Share: 

Cape High management team advances to ProStart nationals

March 8, 2026

Cape Henlopen High School students earned first-place honors in the management competition at the 13th Annual Delaware ProStart Student Invitational.

Hosted by the Delaware Restaurant Foundation Feb. 18, the statewide contest featured 18 culinary and management teams who were judged on teamwork, culinary expertise and restaurant industry management skills. Students from Caesar Rodney High School took home first-place honors for the culinary competition.

Delaware first-place teams will advance to the National ProStart Student Invitational set for April 24-26 in Baltimore. With industry management by Lisa Breedlove of SoDel Concepts, Cape High rose from third place last year.

Cape Henlopen High School management team students are Jaymekah Bodnar, Stella Farrell, Janet Fowler, Lexi Cugno, Jocelyn Detweiler and Cecilia Costa DoCarmo, team manager. Cape team educators are Janet Fowler and Latisha Dismuke.

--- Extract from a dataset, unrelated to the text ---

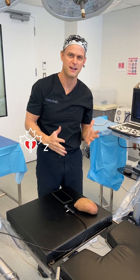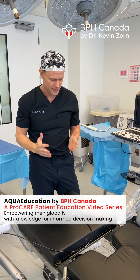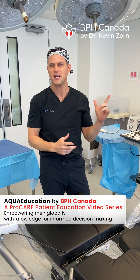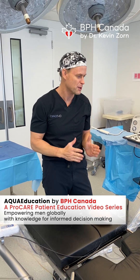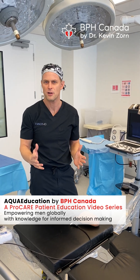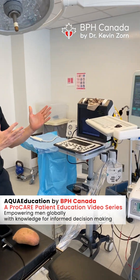Hi, Dr. Kevin Zorn here from BPH Canada, home of our Aquablation Centre, surrounded by my team. We've already done some demonstrations of the technology at conferences to show other urologists. But we thought, let's show you the viewer — the patients, the family members — looking at what is this technology, how powerful is it, how precise is it. So come over here, I'll show you our design.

Caesar Rodney High School culinary team members are students Chloe Mackey, Zoya Sethi, Abby Shulz (alternate), Adam Bernard, Rae Jordan-Clemens, Alana King-Washington (alternate), and Angelina Gibson, with educator Riki Senn and mentor Tom Hannum, Buckley’s Tavern, Goober’s Diner.

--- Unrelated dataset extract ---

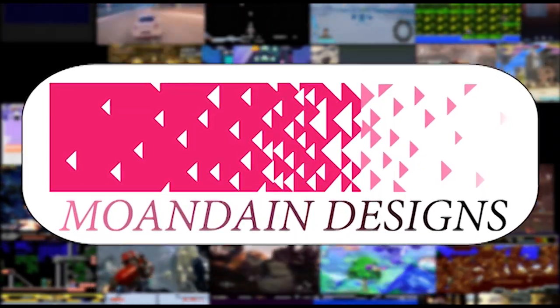Hey there, welcome to another episode of Mundane Designs. I'm your host Mundane. This video is part of my controller collection series and today we're going to be going over the Sega Genesis and the Sega Master System controllers.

“This competition is a powerful reminder that the future of Delaware’s hospitality industry is already taking shape in our classrooms and kitchens. Today’s students demonstrated not only technical skill, but also leadership, resilience, collaboration and pride in their craft. We are deeply grateful to the judges, mentors, educators and partners who continue to open doors and create real pathways for these young professionals. To the teams advancing to nationals, we are proud of you and excited to stand behind you as you represent Delaware on the national stage,” said Meg Gardner, vice president, Delaware Restaurant Association and Delaware Restaurant Foundation.

Teams in the management competition demonstrate their knowledge of the industry by developing a restaurant proposal, delivering a verbal presentation and applying critical thinking skills to answer judges’ questions regarding challenges in day-to-day operations.

Teams participating in the culinary competition demonstrate their creative abilities and culinary skills through preparation of a three-course meal in 60 minutes, using only two butane burners. The performances of teams in both the management and culinary competitions are judged by a panel of leading industry experts. 

More than 100 industry leaders and volunteers collaborate to serve as timers, judges and mentors to the student teams. A college, career, apprenticeship and military expo was also available for competing and visiting students to explore, with more than 30 booths, raffle prizes, and a station for team and individual headshots with professional photographer Sam Lustig. This year, several Delaware legislators attended the competition to speak directly with ProStart students and event attendees.